The levels of the American soccer pyramid are confusing, mostly because they are make-believe. Every level of the world’s real soccer pyramids are clearly numbered, linked with flights of stairs, and constantly shuffle teams up and down depending on the results of a clear and meritocratic process. At any point, any given club knows exactly on which floor it currently stands and what their presence on that floor means. If they improve they can go up, and if the get worse they might go down.
The American pyramid is different. It too has levels, but going between them is like getting on an elevator with lots of strange buttons with no numbers next to them, and the only certainty is that if you slip a fat enough envelope inside the vest pocket of the elevator operator, he’ll take you to the top floor, no questions asked. So yes, in America we have a “pyramid” with “levels,” but the whole system is more metaphorical than real—a chintzy facade studiously painted up to look like the structure of Europe’s leagues, but without any of the real deal’s foundational elements.
The powers that be love these hollow impressions of serious European soccer, knowing full well that there is a sizable chunk of the American public—some naive out of a genuine lack of sophistication, others compelled by a jingoistic bent to defend this country’s facially embarrassing attempts to adopt a Madrid-by-way-of-Manchester accent for cash—who will eat it up. This is how we arrive at the United Soccer League’s latest effort at playacting like a Brit and sounding like Dick Van Dyke in Mary Poppins.
The USL has existed for a while now and has been, at various times, the second, third, or second and third divisions in our pretend pyramid. Technically, the USL is made up of multiple separate leagues: the USL, formerly known as the USL Pro, which, after the collapse of the NASL, is the U.S.’s sole officially sanctioned second division; the USL D3, a league that hasn’t yet begun play but will aim to serve as the country’s currently vacant third division; and the Premier Development League, which, as the name implies, is mostly made up of small regional teams and reserve teams of clubs higher up the food chain.
Just yesterday, the USL announced its plan to rebrand and restructure itself. The league’s top division will be henceforth known as the USL Championship, the USL D3 will be called the USL League One, and the PDL will become the USL League Two. If this sounds familiar, it’s because this naming structure has been ripped directly from the English Football League, which governs the second, third, and fourth divisions of the British pyramid. England’s second division is called the EFL Championship, the third division League One, and the fourth division League Two. In some ways, this bit of Euro cosplay is even weirder than the sort we’ve grown accustomed to.

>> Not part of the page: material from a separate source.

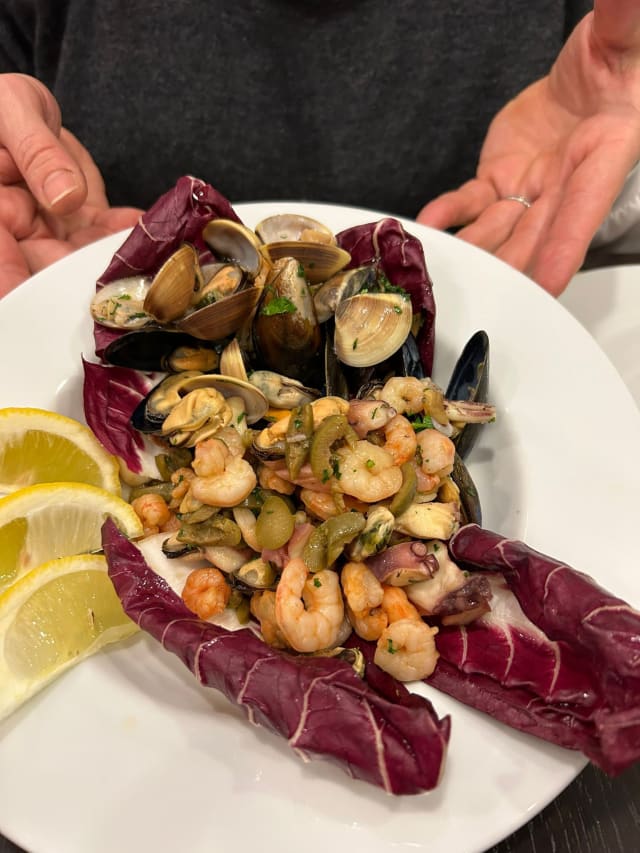 Insalata tiepida di mare con olive Taggiasche  - Rotonda Oberdan Grill Bar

This insistence on copying the names of the English pyramid’s levels is bizarre enough in its own right, but in itself isn’t worth much more than a groan. What’s more galling is how they’ve named these three divisions after England’s without adopting the single defining feature of the Championship and League One and League Two and all the rest, which is promotion and relegation. The Championship is called the Championship because it is the highest division of the EFL, heir to the oldest such collection of leagues in the world. League One is called League One because it is the first league below the Championship, and both takes teams not good enough to survive the Championship’s grueling competition and sends up new candidates to test their mettle in the big(ger) league. League Two is called League Two because it has the same relationship with League One as League One has with the Championship.

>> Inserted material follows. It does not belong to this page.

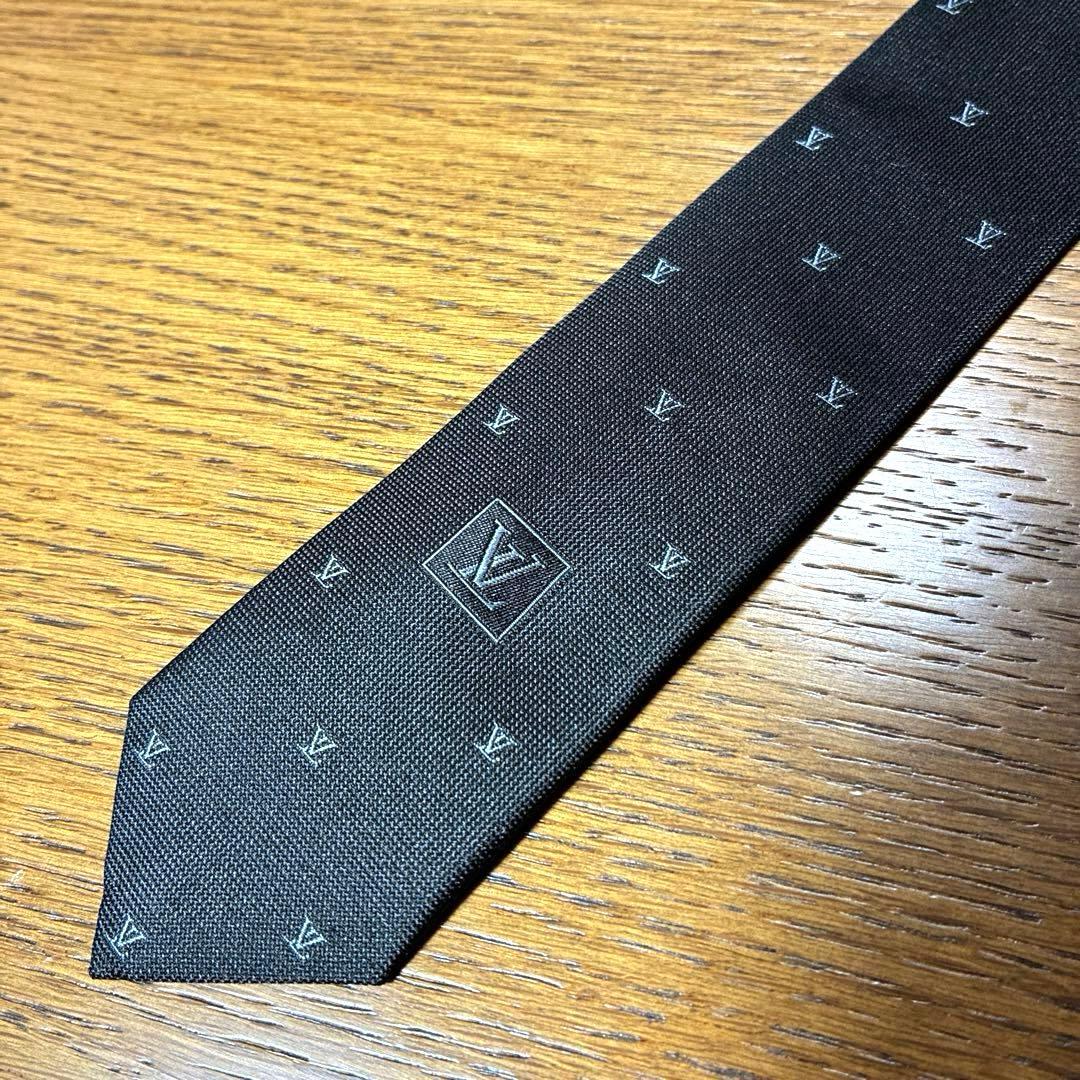 【美品】LOUIS VUITTON ルイヴィトン 黒ネクタイ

The naming of England’s pyramid is what it is because it all means something. Promotion and relegation is what gives meaning to the words “championship” and “one” and “two.” The words don’t just have some inherent soccerness that can be copied and imported to make an ersatz American division seem more authentic. In contrast to the English leagues, which by design separate the best from the worst, there is no real difference between these putative USL leagues. Every team in the USL League Two could very well be better than all the teams in the USL League One and nobody would ever know, because the only difference between leagues is the one U.S. Soccer tells you exists. Naming a suite of leagues after their rough counterparts in England isn’t just craven and insulting, it is fundamentally wrong.
To be fair, the USL has made noise about possibly implementing promotion and relegation before. When the USL announced the creation of what the USL D3, league president Jake Edwards said, “I think it would be very interesting to look at pro-rel between those two divisions.” And the FAQ posted on the leagues’ website has this:
DOES THE NEW STRUCTURE MEAN THERE WILL BE PROMOTION AND RELEGATION BETWEEN THE LEAGUES?
Currently the United Soccer League is focused on establishing a successful new third division in USL League One to help fill out the professional U.S. soccer structure, which is a necessary precursor to any implementation of a promotion and relegation system. That said, the new structure does lend itself well to some form of promotion and relegation in the future.
Hopefully the USL is serious about this and isn’t just using the words “promotion and relegation” as yet more exotic buzzwords said to drum up cheap interest. Because the day someone finally does bring promotion and relegation stateside will be the day a piece of Europe-copying really is worth getting excited for.